**What you have to do**.
Please reproduce all entries word for word and omit their pictures.
** Material provided follows **
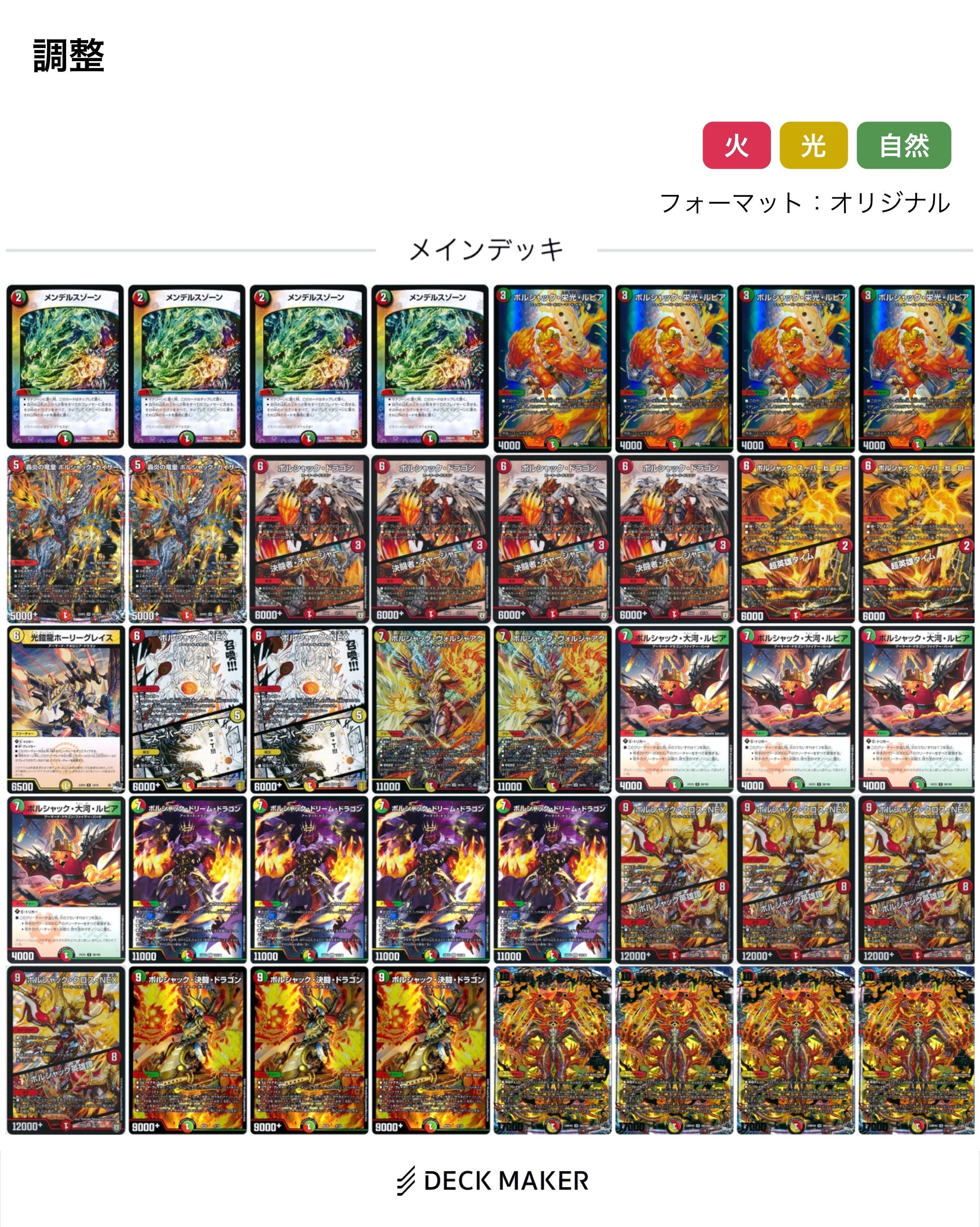 王闘竜皇ボルシャック・ドラゴン入りボルシャック染め｜ドロンパ☆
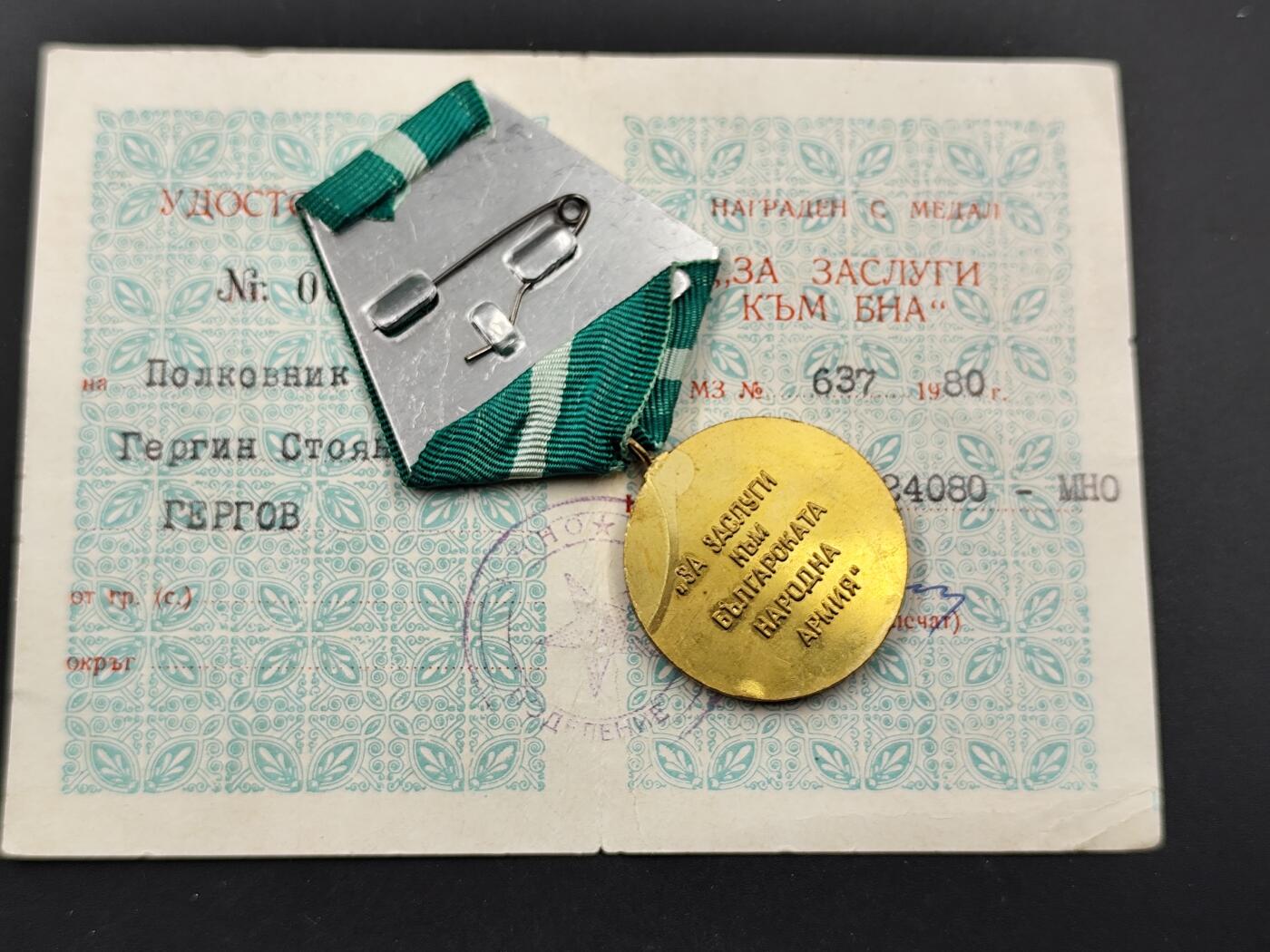 11月16日奖章钱币专场 保加利亚功绩奖章附证书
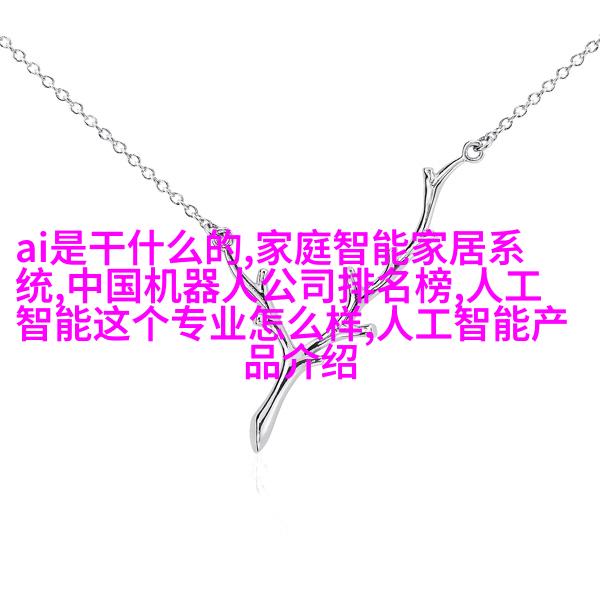 工业风厨房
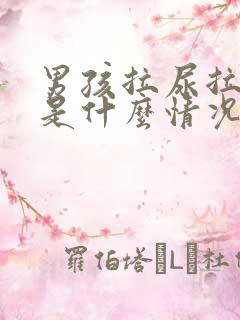 男孩拉尿拉出血是什么情况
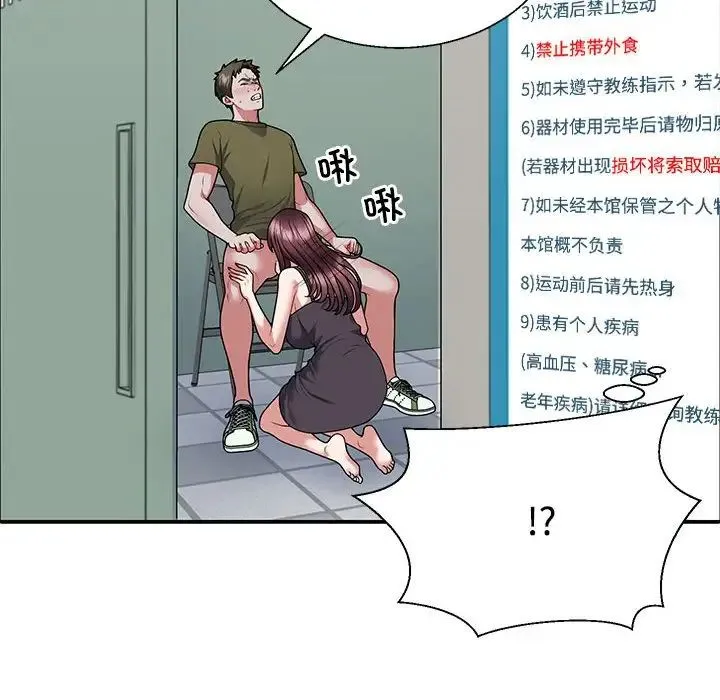 不同寻常的爱 第3话 第127页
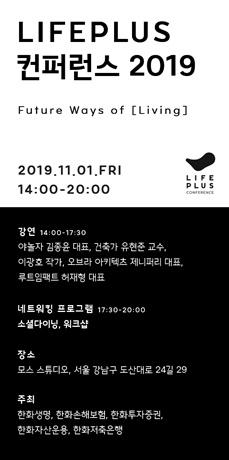 한화생명, 'LIFEPLUS 컨퍼런스 2019' 개최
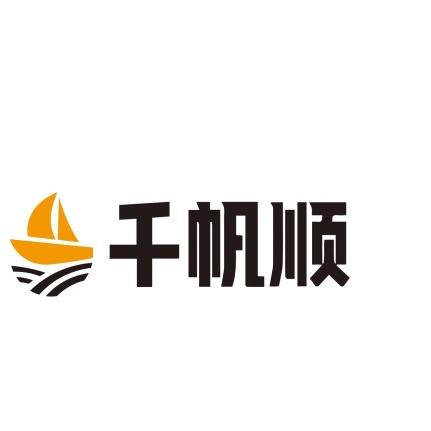 千帆顺跨境电商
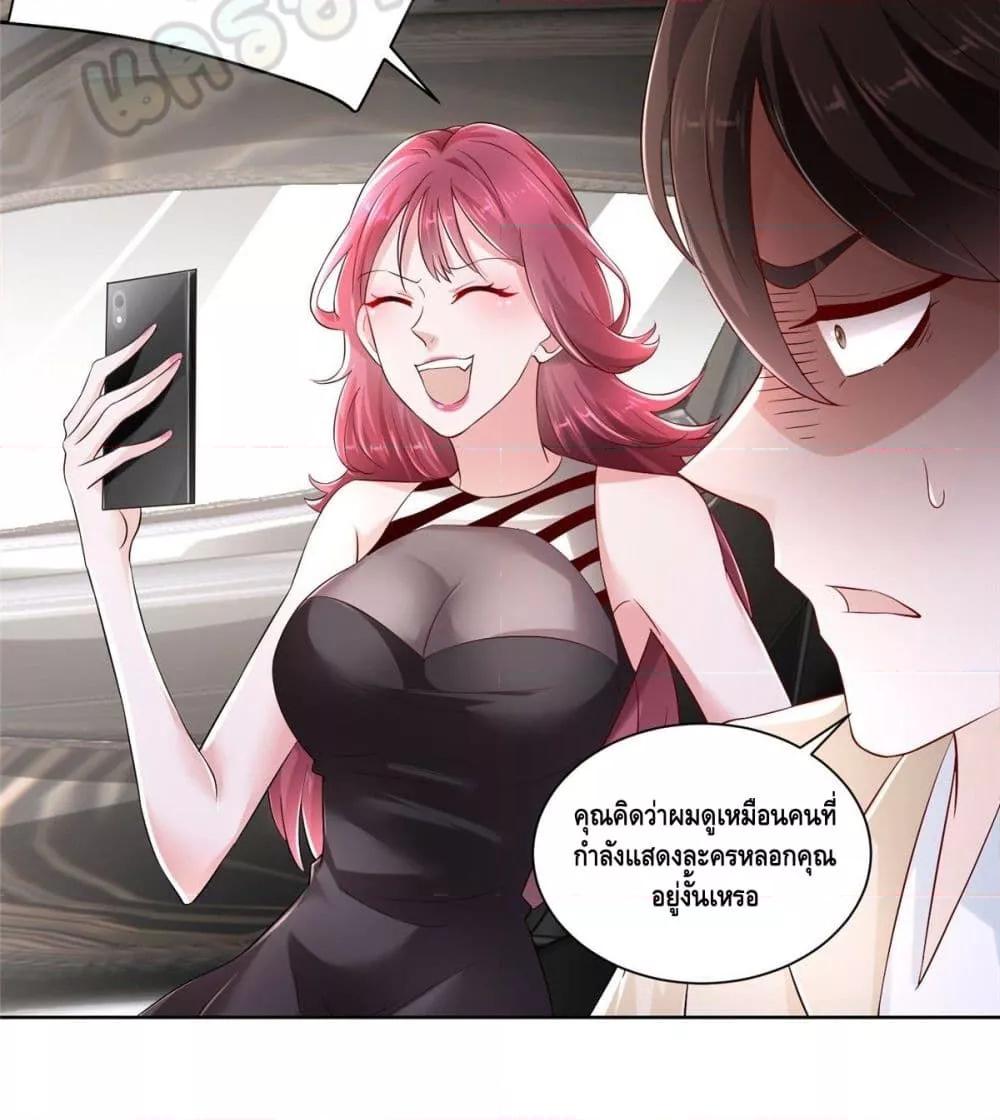 Manga-lc-com อ่านมังงะ อ่านการ์ตูน ออนไลน์ ฟรี RandomlyHaveA ตอนที่ 1 2 3 4 5 6 7 8 9 10 11 12 13 14 ฟรี ไม่มีโฆษณา Manga-lc - อ่าน มังงะ อ่าน การ์ตูน ออนไลน์ อ่านมังงะ ฟรี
** End of Material provided **
**Written answer**.
 王闘竜皇ボルシャック・ドラゴン入りボルシャック染め｜ドロンパ☆
 11月16日奖章钱币专场 保加利亚功绩奖章附证书
 工业风厨房
 男孩拉尿拉出血是什么情况
 不同寻常的爱 第3话 第127页
 한화생명, 'LIFEPLUS 컨퍼런스 2019' 개최
 千帆顺跨境电商
 Manga-lc-com อ่านมังงะ อ่านการ์ตูน ออนไลน์ ฟรี RandomlyHaveA ตอนที่ 1 2 3 4 5 6 7 8 9 10 11 12 13 14 ฟรี ไม่มีโฆษณา Manga-lc - อ่าน มังงะ อ่าน การ์ตูน ออนไลน์ อ่านมังงะ ฟรี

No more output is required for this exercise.